Posted Thursday, Nov. 29, 2012, at 4:22 PM
This move by New York Rep. Chris Gibson is so slippery and befuddling that I may have to rethink my sureness that the Norquist pledge is safe. It's so unpopular, apparently, that a congressman can argue that he doesn't have to abide by it anymore, because thanks to redistricting he has new constituents. This really is what his office said.
The Congressman signed the pledge as a candidate in 2010 for the 20th Congressional District. As a 24-year veteran of the United States Army, without a legislative record, the pledge was his commitment to the district he was running to represent... Regarding the pledge moving forward, Congressman Gibson doesn’t plan to resign it for the 19th Congressional District, which he now represents (the pledge is to your constituents of a numbered district).
It's not even a good dodge! The pledge is readable by anyone who has a web browser.
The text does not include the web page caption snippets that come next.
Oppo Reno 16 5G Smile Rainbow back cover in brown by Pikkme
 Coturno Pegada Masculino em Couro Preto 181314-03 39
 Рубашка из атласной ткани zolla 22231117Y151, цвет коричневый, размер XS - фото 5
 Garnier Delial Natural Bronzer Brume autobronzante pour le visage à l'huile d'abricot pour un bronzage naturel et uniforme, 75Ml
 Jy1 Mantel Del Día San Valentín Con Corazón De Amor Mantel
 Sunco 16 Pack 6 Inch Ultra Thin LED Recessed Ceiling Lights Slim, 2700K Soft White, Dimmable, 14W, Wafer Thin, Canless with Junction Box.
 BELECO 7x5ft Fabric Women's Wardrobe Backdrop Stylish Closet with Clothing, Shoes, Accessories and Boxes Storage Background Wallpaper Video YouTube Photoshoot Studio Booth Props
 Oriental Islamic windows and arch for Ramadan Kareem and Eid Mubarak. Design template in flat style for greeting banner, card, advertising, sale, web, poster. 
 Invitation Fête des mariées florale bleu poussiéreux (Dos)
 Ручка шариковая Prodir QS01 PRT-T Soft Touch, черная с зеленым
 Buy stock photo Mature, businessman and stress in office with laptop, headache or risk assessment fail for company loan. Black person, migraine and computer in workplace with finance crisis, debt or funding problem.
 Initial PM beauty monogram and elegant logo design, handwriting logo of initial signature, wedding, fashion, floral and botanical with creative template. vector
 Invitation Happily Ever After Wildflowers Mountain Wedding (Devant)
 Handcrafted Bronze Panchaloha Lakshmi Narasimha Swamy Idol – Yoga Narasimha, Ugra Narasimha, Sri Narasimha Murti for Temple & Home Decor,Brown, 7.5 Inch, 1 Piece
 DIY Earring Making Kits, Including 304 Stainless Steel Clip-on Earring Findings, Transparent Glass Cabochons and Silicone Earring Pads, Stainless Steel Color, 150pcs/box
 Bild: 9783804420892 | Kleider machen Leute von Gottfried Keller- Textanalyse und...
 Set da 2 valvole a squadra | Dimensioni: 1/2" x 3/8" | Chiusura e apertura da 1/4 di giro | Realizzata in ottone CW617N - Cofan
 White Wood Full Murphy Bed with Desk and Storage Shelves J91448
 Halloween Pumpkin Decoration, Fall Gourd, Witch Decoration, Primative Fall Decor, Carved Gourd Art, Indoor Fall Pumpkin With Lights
Here's how it begins:
I, _______________, pledge to the taxpayers of the _____ district of the state of__________, and to the American people that I will...
Unless you have an incredibly daring interpretation of the Oxford comma, that whole part about the "American people" implies that the signatory is pledging this to humans who live outside his current district lines.
Like I said, this suggests that the pledge is a problem for wobbly Republicans, politically. Does it suggest that Gibson will vote to increase taxes without big Democratic concessions? No. But Democrats are having some fun with this offensive.